Ecto will cache the result of the prepare step and if a subsequent Repo.get(User, id) is called, Ecto will find the previous planned query via :ets.lookup(cache, key), thus bypassing the entire planning phase.

Here is the tuple that will be inserted into the ets table via :ets.insert_new(MyProject.Repo, {key, :cache, select, prepared}). Notice the prepared tuple item is a string ready for execution.

{[
   :all,
   0,
   {:where,
    [and: {:==, [], [{{:., [], [{:&, [], [0]}, :id]}, [], []}, {:^, [], [0]}]}]},
   {"users", MyProject.Accounts.User, 20747221, nil},
   {:select,
    {:{}, [], [{{:., [], [{:&, [], [0]}, :id]}, [], []}, {:&, [], [0]}]}}
 ],
 :cache,
 %{
   assocs: [],
   from: {:any,
    {:source, {"users", MyProject.Accounts.User}, nil,
     [
       id: :id,
       email: :string,
       name: :string,
       signed_in_at: :utc_datetime,
       username: :string,
       inserted_at: :naive_datetime,
       updated_at: :naive_datetime
     ]}},
   postprocess: {:tuple, [value: :id, source: :from]},
   preprocess: [source: :from],
   take: []
 },
 {133058,
  "SELECT u0.\"id\", u0.\"email\", u0.\"name\", u0.\"signed_in_at\", u0.\"username\", u0.\"inserted_at\", u0.\"updated_at\", u0.\"id\" FROM \"users\" AS u0 WHERE (u0.\"id\" = $1)"}
}

To reiterate, another query such as Repo.get(User, 'another-id') will first try :ets.lookup(cache, key) and successfully find an entry as long as it is a simple WHERE clause on id. If you order or limit the query, another ets entry will be created and Ecto will have to prepare the query before executing it.
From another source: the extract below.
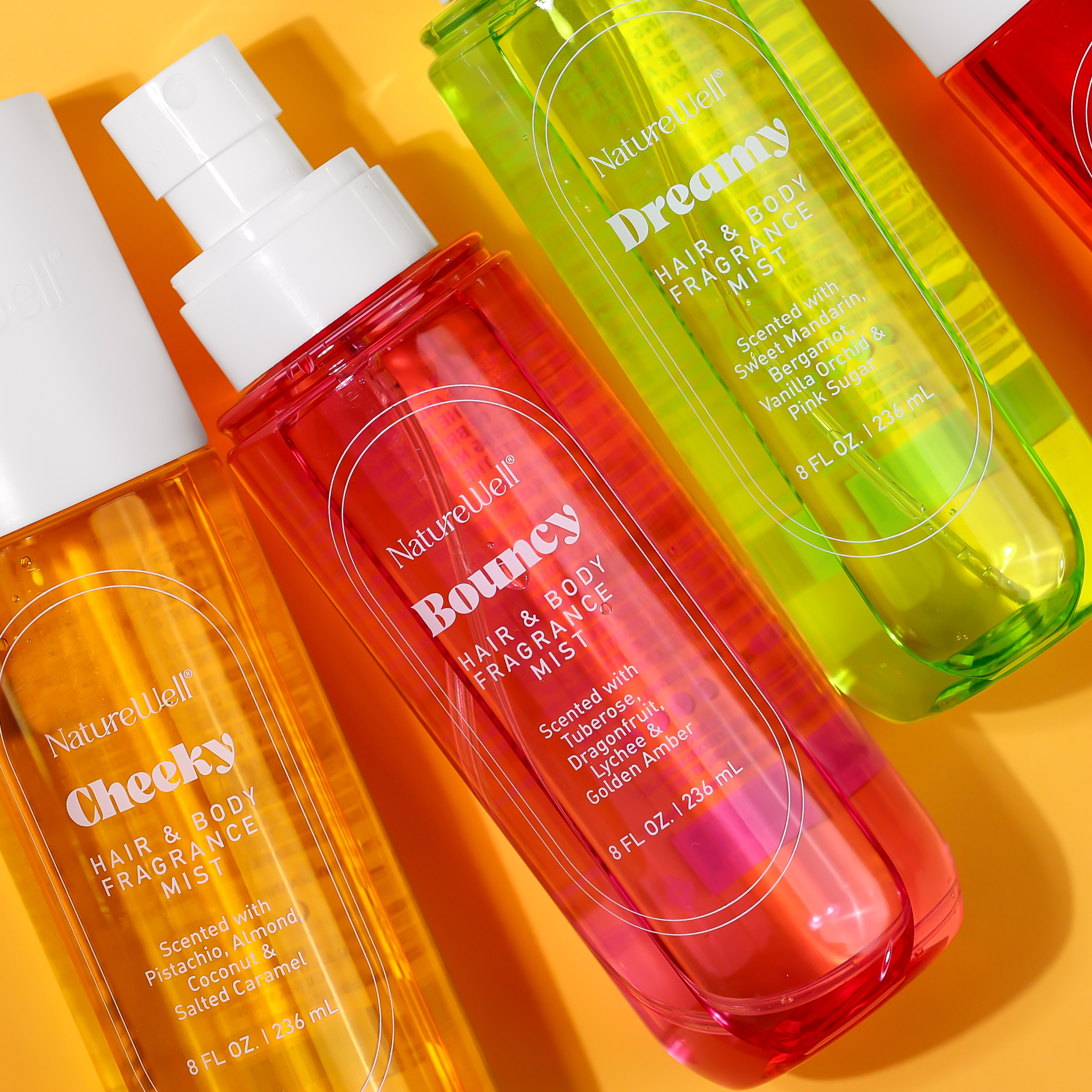 Bottles of NatureWell Hair and Body Fragrance Mist in 3 different scents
Caching Insert/Update/Delete Operations

An even further mind boggling point for me is, “Why would I cache an insert operation?” Well INSERT INTO books (id, title) VALUES (332, 'Learning about Ecto') still can be prepared before being executed.
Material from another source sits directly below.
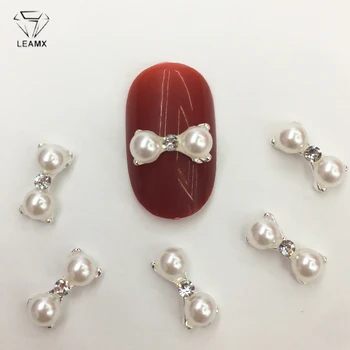 LEAMX 10 PCS/bag Mini Pearl Bow Nails Art Decorations 3D Bow Tie Metal Nail Jewelry Accessories DIY Manicure Tips L426
LEAMX 10 PCS/bag Mini Pearl Bow Nails Art Decorations 3D Bow Tie Metal Nail Jewelry Accessories DIY Manicure Tips L426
PREPARE insert_book (int, text) AS
  INSERT INTO books VALUES($1, $2);
EXECUTE insert_book(332, 'Learning About Ecto');

However, as we know the PREPARE statement isn’t necessarily used, but the result of the planning phase is cached in ETS tables. So, caching the planning step can still provide performance benefits.

Wrapping Up

So what did I (and hope you) learn? Ecto has a prepare step and this is very important in order to generate a PREPARE like statement to be cached. For applications that are READ heavy, Ecto has, for quite a while, cached the prepared statements in ets tables. With Ecto v3.0, WRITE heavy apps should see performance improvements with the addition of this caching strategy to INSERT, UPDATE, and DELETE operations.

Lastly, is there anything you need to do? Nope. Just follow some of the update guides and articles.